* **The problem**: Each entry must be given again exactly as it appears, with images excluded.

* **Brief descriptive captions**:

+--

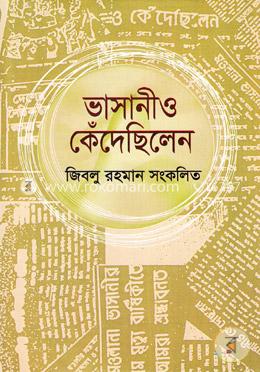 ভাসানীও কেঁদেছিলেন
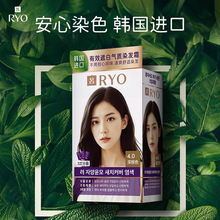 吕姿染漾发染发剂植物安心染原装进口男女士遮盖白头发染发膏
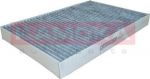 KAMOKA F508201 фильтр воздушный салонный угольный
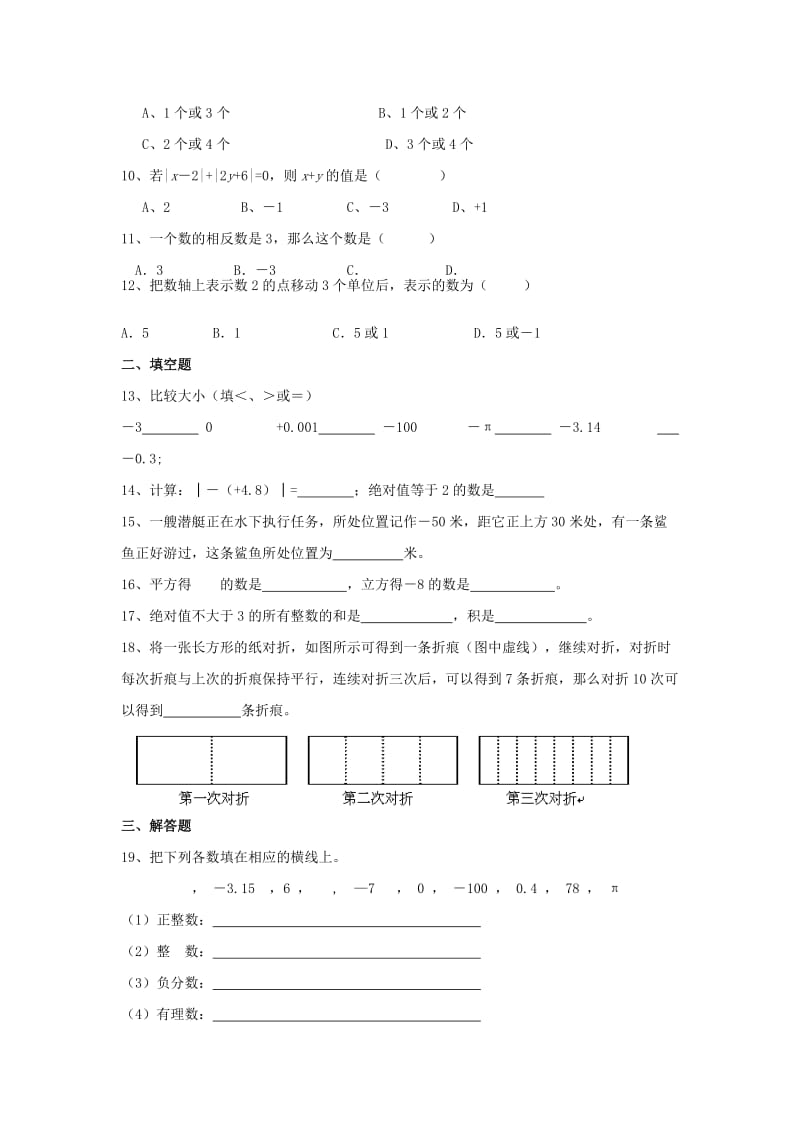 2019-2020年七年级数学上册 第一章 有理数单元检测1 新人教版.doc_第2页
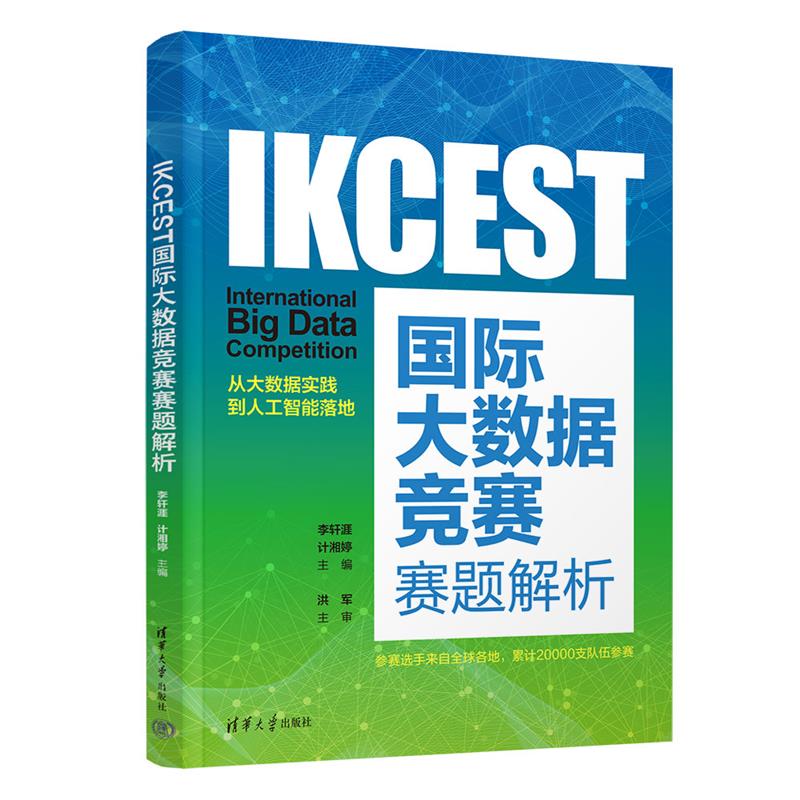 IKCEST国际大数据竞赛赛题解析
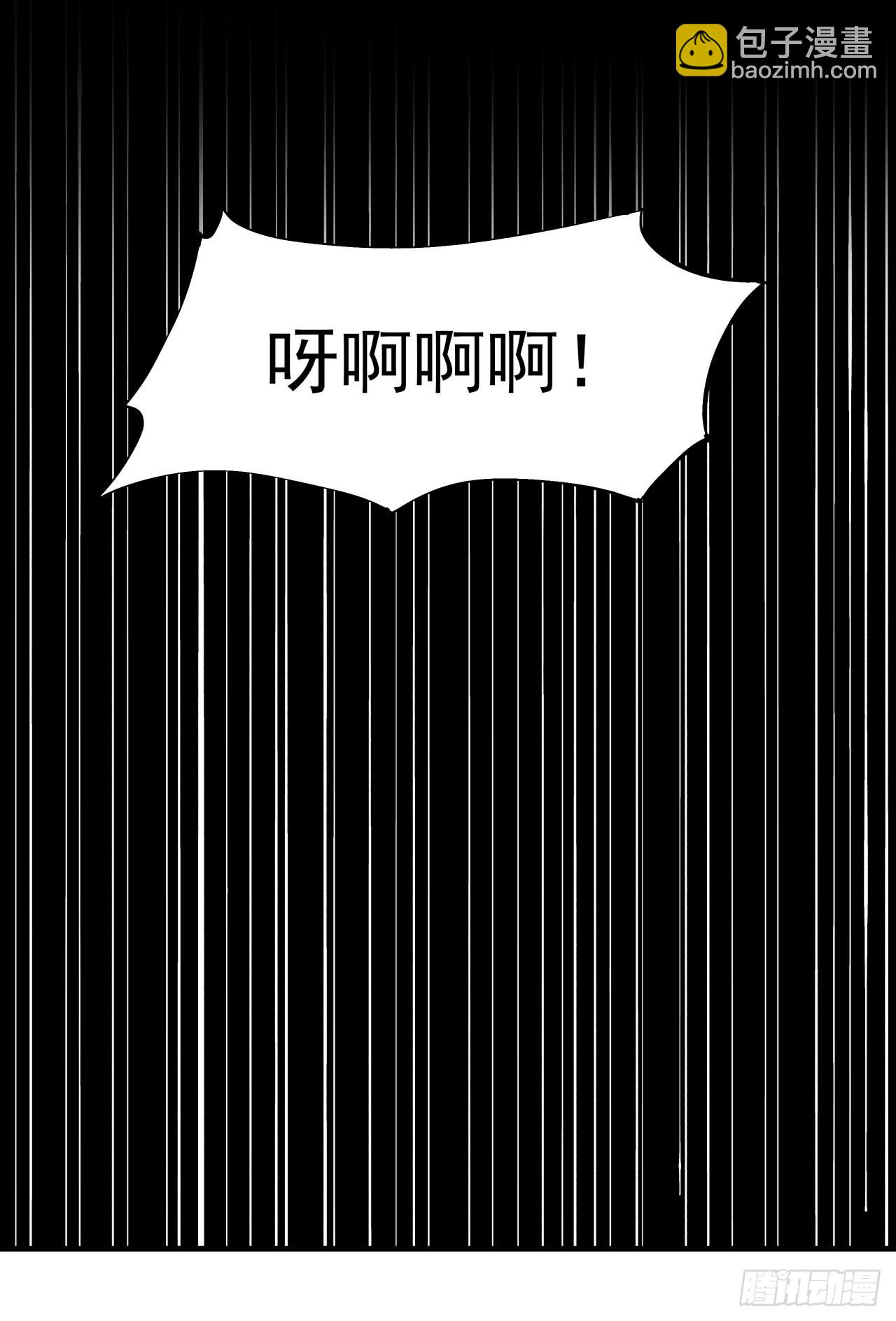 第80话 赤裸的天使(1/2)-第82话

+--

* **Exercise answer**:
 ভাসানীও কেঁদেছিলেন
 吕姿染漾发染发剂植物安心染原装进口男女士遮盖白头发染发膏
 KAMOKA F508201 фильтр воздушный салонный угольный
 2019-2020年七年级数学上册 第一章 有理数单元检测1 新人教版.doc_第2页
 IKCEST国际大数据竞赛赛题解析
 第80话 赤裸的天使(1/2)-第82话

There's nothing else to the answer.